Situasi kantor BPKS hari ini tampak seperti biasa. Aktifitas perkantoran yang mengelola kawasan perdagangan bebas sabang itu tetap aktif walau dalam beberapa hari ini beberapa deputi dan staf di kantor tersebut diperiksa oleh Komisi Pemberantasa Korupsi.

ATJEHPOSTcom yang datang ke kantor itu pada Rabu, 13 Februari 2013, disambut hangat beberapa karyawannya.

Beberapa karyawan yang dijumpai mengatakan beberapa petinggi dan staf di kantor itu telah diperiksa KPK di Polres Sabang. "Mereka (KPK) tidak datang kemari, tapi pemeriksaan dilakukan di Polres," kata seorang karyawan. Karyawan yang bicara kepada ATJEHPOSTcom satupun tidak mau namanya dituliskan.

Seorang staf yang diperiksa KPK yang juga tidak mau namanya ditulis mengatakan, dia dipanggil ke Polres Sabang kemarin, Selasa 12 Februari 2013. Di Polres, mereka dimintai keterangan dalam ruangan khusus. Dia mengatakan petugas KPK memeriksa mereka di Polres Sabang lebih dari sepuluh orang.

Dia mengaku, ketika diperiksa, dia dikonfrontir dengan beberapa staf lain yang juga diperiksa KPK. "Kita langsung dikonfrontir," katanya.

Dia berharap agar masalah yang saat ini di BPKS yang saat ini sedang ditangani KPK cepat terselesaikan. "Kita serahkan kepada Allah, biar semua terang benderang," katanya.

Sumber ATJEHPOSTcom di Polres Sabang mengakui adanya ruangan khusus yang dipakai KPK untuk memeriksa karyawan BPKS. "Mereka pakai ruangan khusus, kami saja tidak boleh masuk ke ruangan itu," katanya. Menurut anggota polisi ini, di pintu ruangan tertulis "Dilarang masuk bagi yang tidak berkepentingan."

Kepala BPKS, Fauzi Husein tidak berada di Sabang. Kepada ATJEHPOSTcom dia mengaku sedang berada di Banda Aceh untuk menemui wakil rakyat di DPRA. Ia pun menyarankan ATJEHPOSTcom menemui Wakil Kepala BPKS di kantornya. Belakangan, lewat pesan singkat Fauzi mengakui memang ada pemeriksaan oleh KPK terhadap dugaan korupsi dua proyek bermasalah sebelum kepemimpinannya. Fauzi sendiri baru dilantik sebagai Kepala BPKS pada 22 November 2012. (selengkapnya klik: Soal KPK tangani kasus dermaga Sabang, Ini kata Kepala BPKS).

Wakil Kepala BPKS Irwan Faisal mengelak ketika ditanyakan tentang adanya petugas KPK yang memeriksa beberapa staf BPKS. "Kita bicara yang promosi-promosi saja," katanya. Menurutnya, dia baru menjabat beberapa bulan di kepemimpinan BPKS dan dia ingin memikirkan bagaimana membangun BPKS dan juga Sabang.

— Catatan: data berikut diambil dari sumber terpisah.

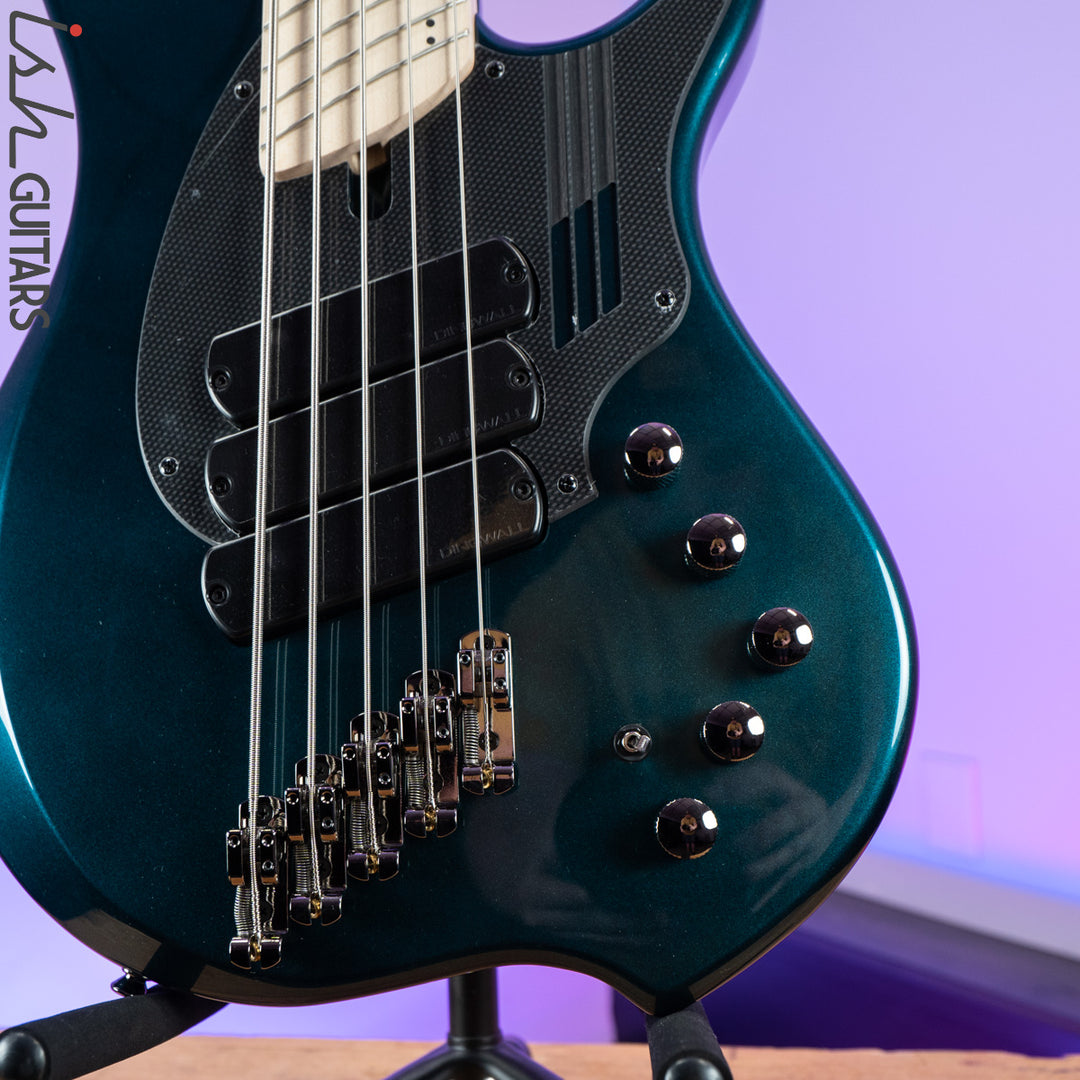 Dingwall NG-3 5-String Black Forest Green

Ketika ditanyakan apakah pemeriksaan yang dilakukan KPK berpengaruh terhadap kinerja BPKS ke depan, dia mengatakan,"sama sekali tidak berpengaruh."

Gerak Aceh pernah melaporkan dua kasus dugaan korupsi di BPKS kepada KPK.  Pertama, kasus dugaan korupsi proyek pembangunan dermaga bongkar BPKS tahun 2006, 2007, 2008, dan 2009. Menurut GeRAK Aceh, potensi kerugian negara dalam kasus ini mencapai Rp200 miliar. Kasus itu dilaporkan ke KPK pada 31 Maret 2010.

Kasus kedua, dugaan korupsi pada proyek pembebasan lahan untuk pengembangan Kawasan Perdagangan Bebas dan Pelabuhan Sabang tahun 2007-2008. Potensi kerugian negara akibat kasus ini Rp112 miliar. Kasus ini  dilaporkan ke KPK pada 2010.